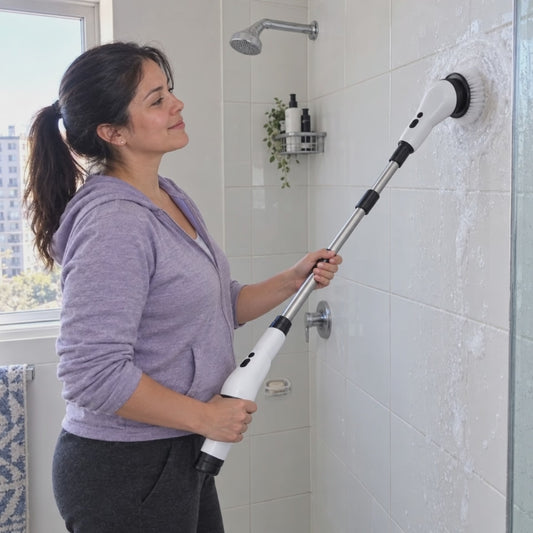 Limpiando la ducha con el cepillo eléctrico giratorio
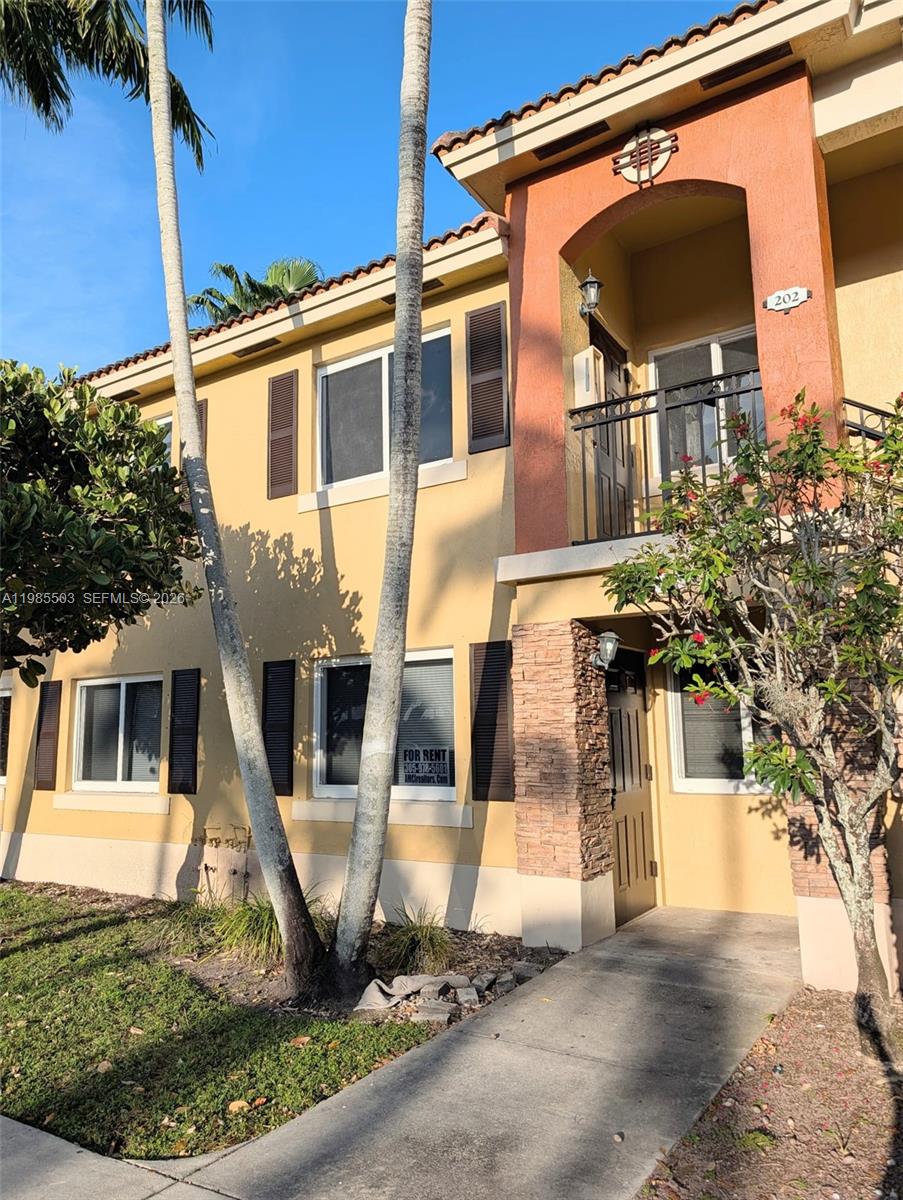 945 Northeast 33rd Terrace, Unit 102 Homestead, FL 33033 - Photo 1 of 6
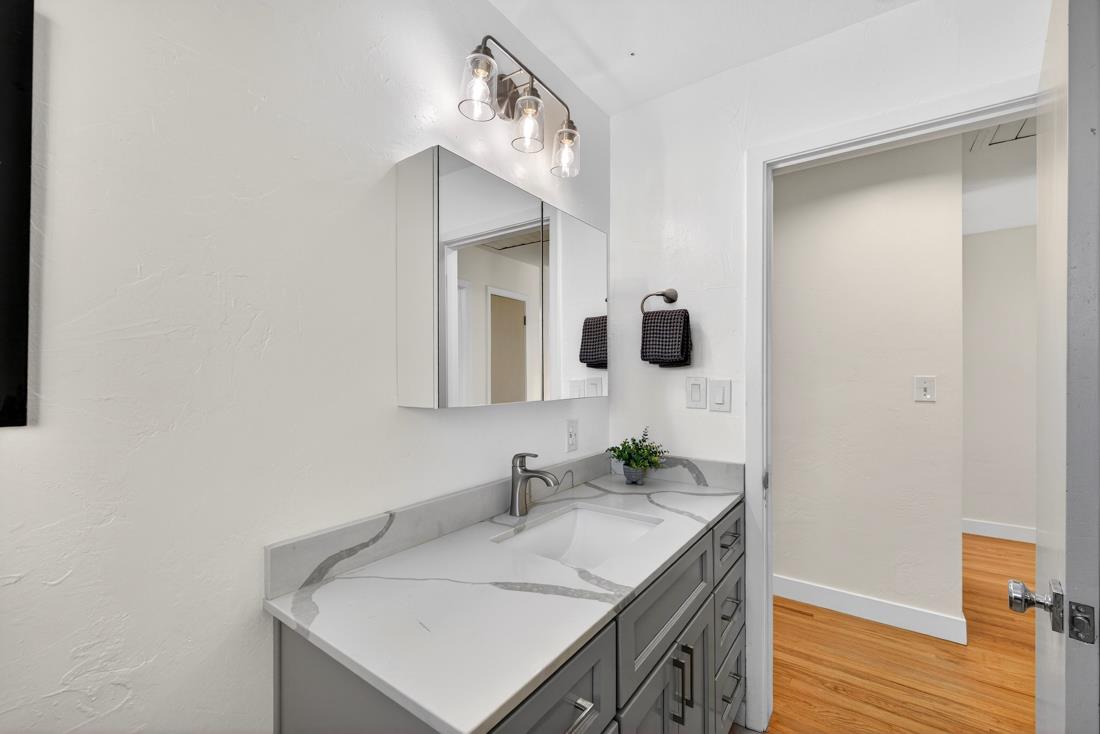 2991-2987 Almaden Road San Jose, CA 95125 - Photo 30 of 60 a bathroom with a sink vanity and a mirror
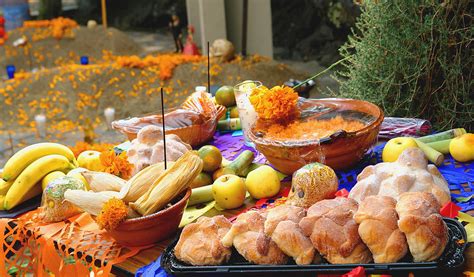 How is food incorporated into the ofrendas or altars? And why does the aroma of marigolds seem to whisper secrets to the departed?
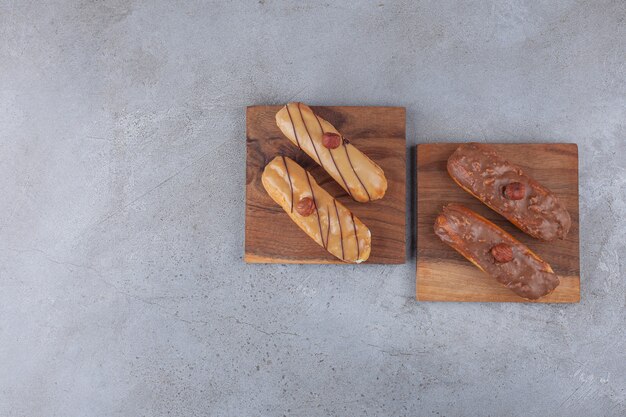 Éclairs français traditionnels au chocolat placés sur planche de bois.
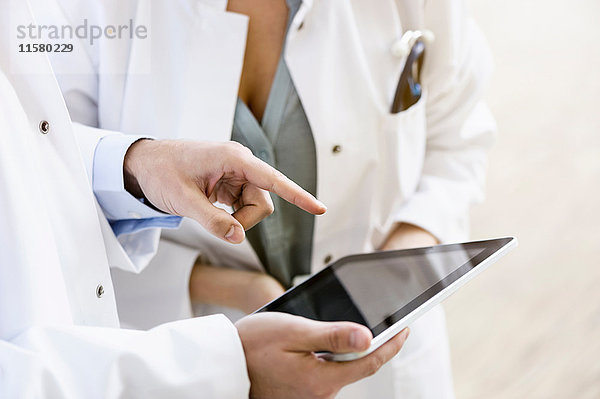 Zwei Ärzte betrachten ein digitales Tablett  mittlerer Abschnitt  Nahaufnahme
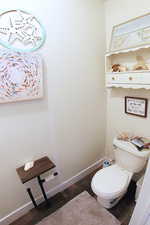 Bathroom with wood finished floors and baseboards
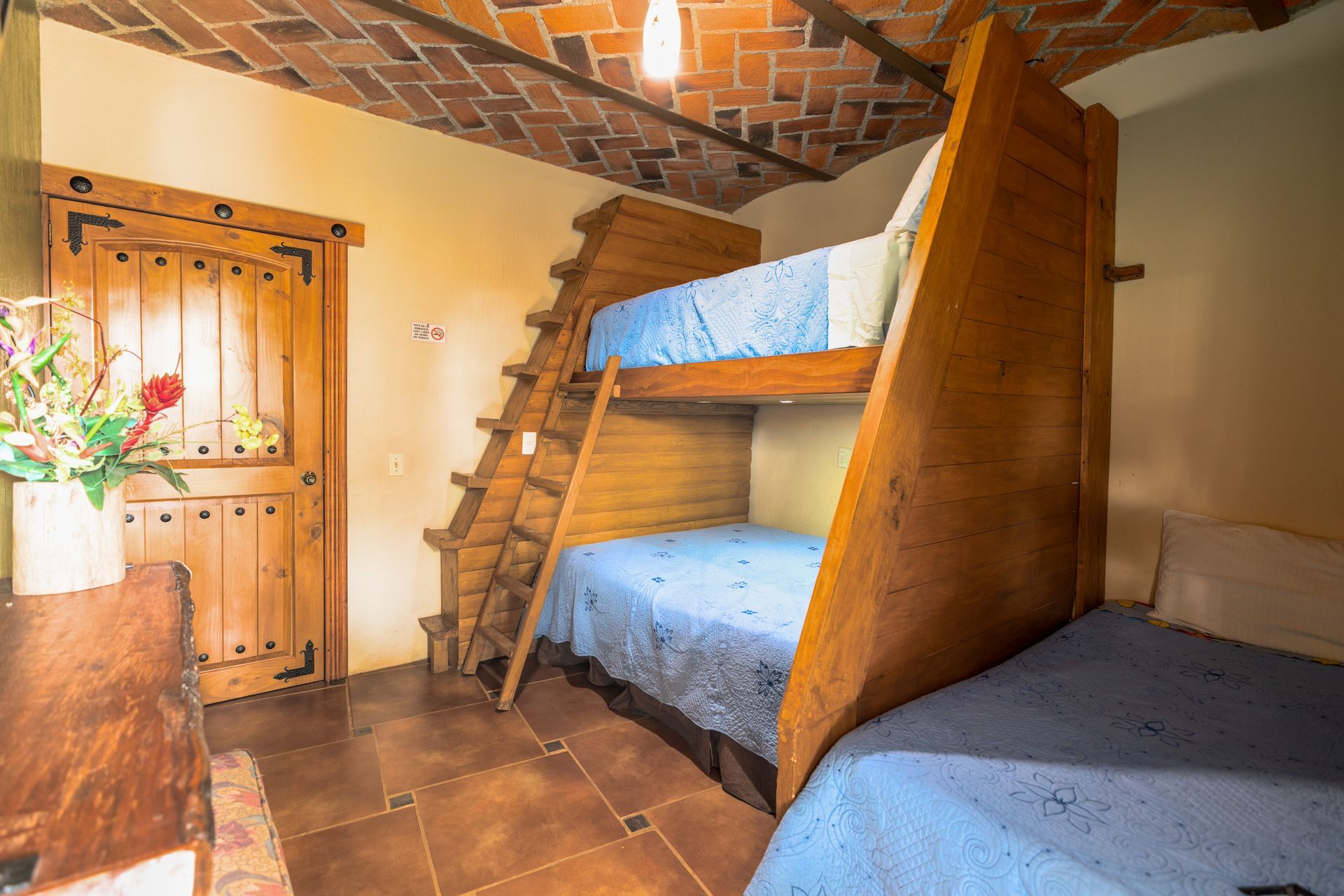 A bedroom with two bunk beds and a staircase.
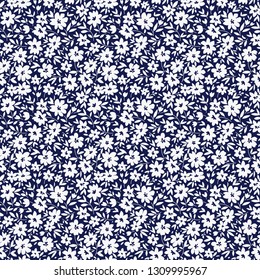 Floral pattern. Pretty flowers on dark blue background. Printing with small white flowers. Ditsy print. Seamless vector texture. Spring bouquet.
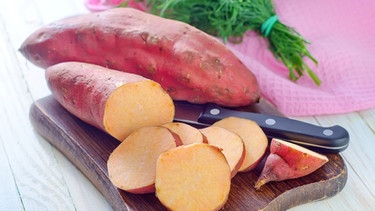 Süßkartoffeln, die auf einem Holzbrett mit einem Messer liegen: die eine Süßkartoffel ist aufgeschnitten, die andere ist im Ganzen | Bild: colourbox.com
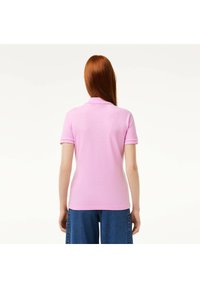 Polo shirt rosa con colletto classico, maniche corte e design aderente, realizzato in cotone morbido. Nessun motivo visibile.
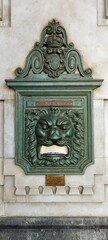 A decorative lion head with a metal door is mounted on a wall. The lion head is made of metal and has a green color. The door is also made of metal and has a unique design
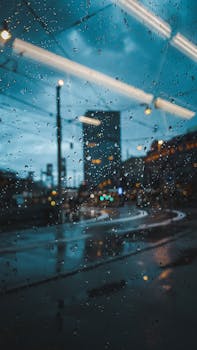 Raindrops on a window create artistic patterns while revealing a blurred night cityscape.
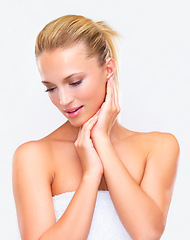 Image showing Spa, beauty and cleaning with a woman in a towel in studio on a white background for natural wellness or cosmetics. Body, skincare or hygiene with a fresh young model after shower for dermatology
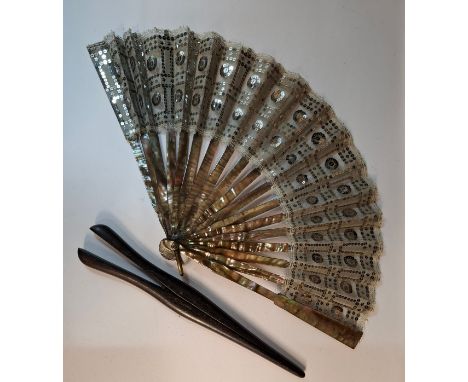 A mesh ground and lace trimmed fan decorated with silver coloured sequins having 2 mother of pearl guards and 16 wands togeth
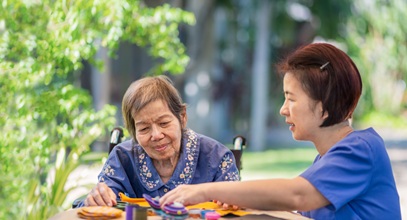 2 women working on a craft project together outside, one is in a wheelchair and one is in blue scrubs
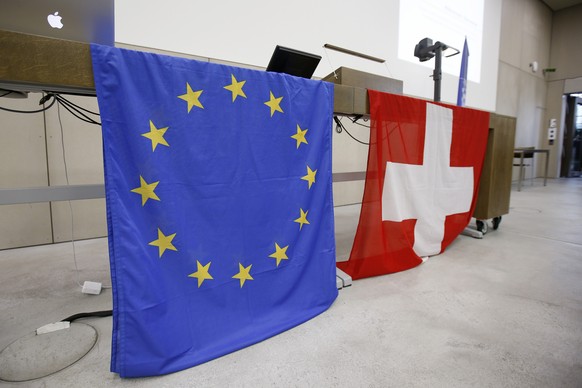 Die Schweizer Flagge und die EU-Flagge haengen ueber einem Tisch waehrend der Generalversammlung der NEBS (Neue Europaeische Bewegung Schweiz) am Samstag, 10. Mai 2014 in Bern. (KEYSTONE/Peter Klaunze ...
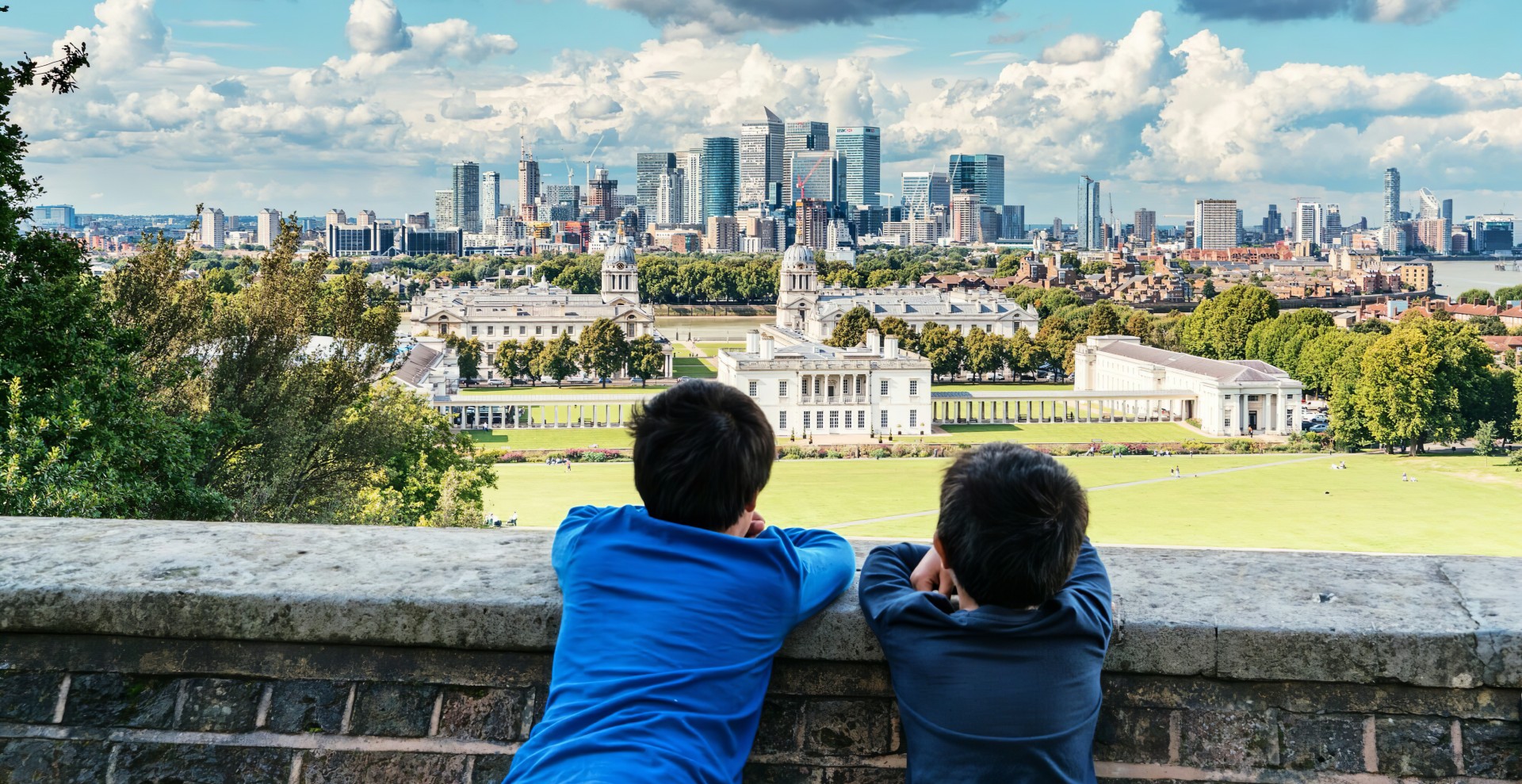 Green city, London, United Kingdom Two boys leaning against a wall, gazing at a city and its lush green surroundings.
====================
Task item:
Only the pictures are to be dropped; return everything else in the listing exactly.

Result of this task:
 Limpiando la ducha con el cepillo eléctrico giratorio
 945 Northeast 33rd Terrace, Unit 102 Homestead, FL 33033 - Photo 1 of 6
 2991-2987 Almaden Road San Jose, CA 95125 - Photo 30 of 60 a bathroom with a sink vanity and a mirror
 How is food incorporated into the ofrendas or altars? And why does the aroma of marigolds seem to whisper secrets to the departed?
 Éclairs français traditionnels au chocolat placés sur planche de bois.
 Zwei Ärzte betrachten ein digitales Tablett  mittlerer Abschnitt  Nahaufnahme
 Bathroom with wood finished floors and baseboards
 A bedroom with two bunk beds and a staircase.
 Floral pattern. Pretty flowers on dark blue background. Printing with small white flowers. Ditsy print. Seamless vector texture. Spring bouquet.
 Süßkartoffeln, die auf einem Holzbrett mit einem Messer liegen: die eine Süßkartoffel ist aufgeschnitten, die andere ist im Ganzen | Bild: colourbox.com
 Polo shirt rosa con colletto classico, maniche corte e design aderente, realizzato in cotone morbido. Nessun motivo visibile.
 A decorative lion head with a metal door is mounted on a wall. The lion head is made of metal and has a green color. The door is also made of metal and has a unique design
 Raindrops on a window create artistic patterns while revealing a blurred night cityscape.
 Image showing Spa, beauty and cleaning with a woman in a towel in studio on a white background for natural wellness or cosmetics. Body, skincare or hygiene with a fresh young model after shower for dermatology
 A mesh ground and lace trimmed fan decorated with silver coloured sequins having 2 mother of pearl guards and 16 wands togeth
 2 women working on a craft project together outside, one is in a wheelchair and one is in blue scrubs
 Die Schweizer Flagge und die EU-Flagge haengen ueber einem Tisch waehrend der Generalversammlung der NEBS (Neue Europaeische Bewegung Schweiz) am Samstag, 10. Mai 2014 in Bern. (KEYSTONE/Peter Klaunze ...
 Green city, London, United Kingdom Two boys leaning against a wall, gazing at a city and its lush green surroundings.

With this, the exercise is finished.